AB’nin turizmde yüzde 65, ihracatımızda yüzde 41, ithalatımızda yüzde 26 ve Türkiye’ye gelen doğrudan yatırımda yüzde 65 paya sahip olduğu için ilişkilerimizi düzenli ve yapıcı bir şekilde sürdürmeye çalışıyoruz.
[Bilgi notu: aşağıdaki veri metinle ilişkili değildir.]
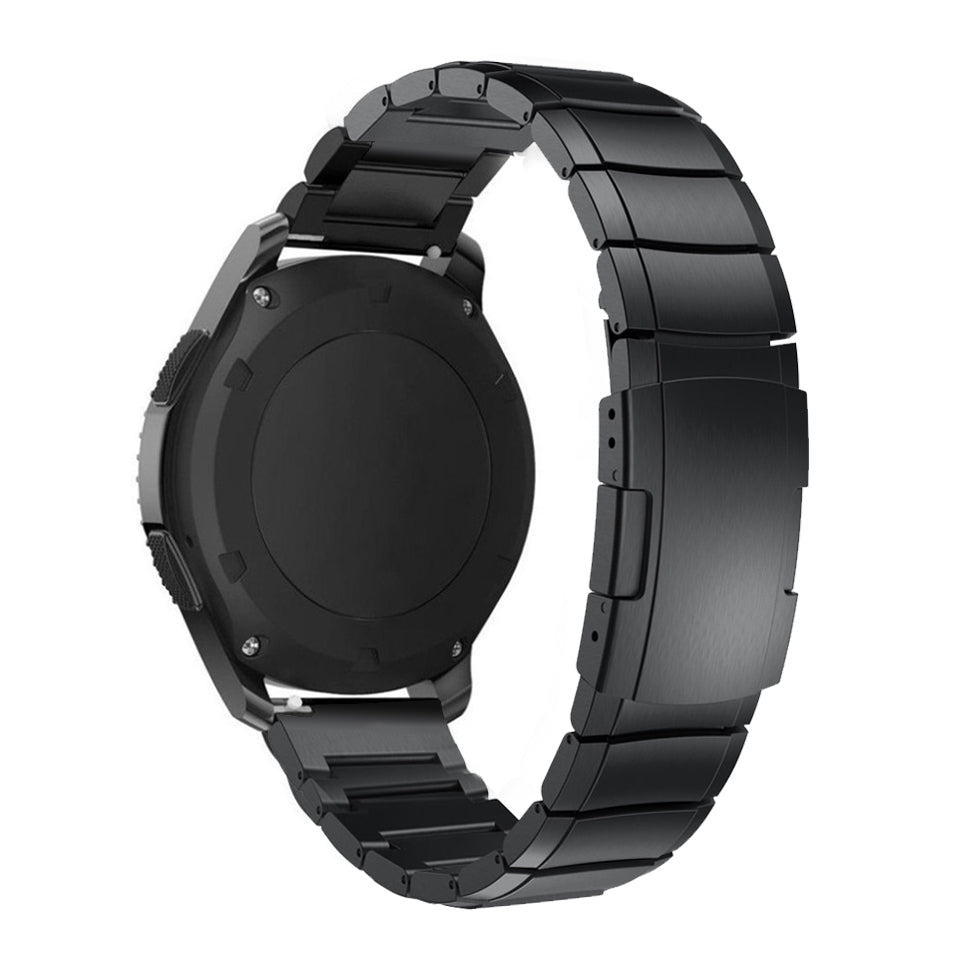 22mm Stainless Steel Watch Strap with Folding Clasp for Huawei Watch GT - Black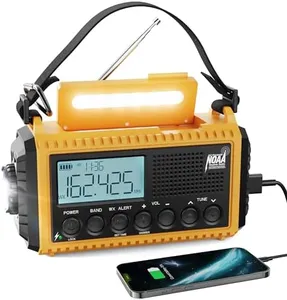 Raynic Emergency Radio, 5000mAh/18500mWh Weather Radio, Solar Hand Crank Radio with AM/FM/SW/NOAA Alert, Cell Phone Charger, Headphone Jack, Flashlight and SOS Siren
Hükümetlerimiz de hep bu politikaları izlediler.”
Pek çok ülkenin, Türkiye ile iş yapmak istediğini ve Türkiye’ye yatırım yapmayı arzuladığını kaydeden Bolat, AB Komisyonunun “AB-Türkiye Siyasi, Ekonomik ve Ticari İlişkilerinin Durumu” başlıklı raporunda da, AB liderlerine Türkiye ile ticaretin geliştirilmesi yönünde tavsiyelerde bulunulduğuna dikkati çekti.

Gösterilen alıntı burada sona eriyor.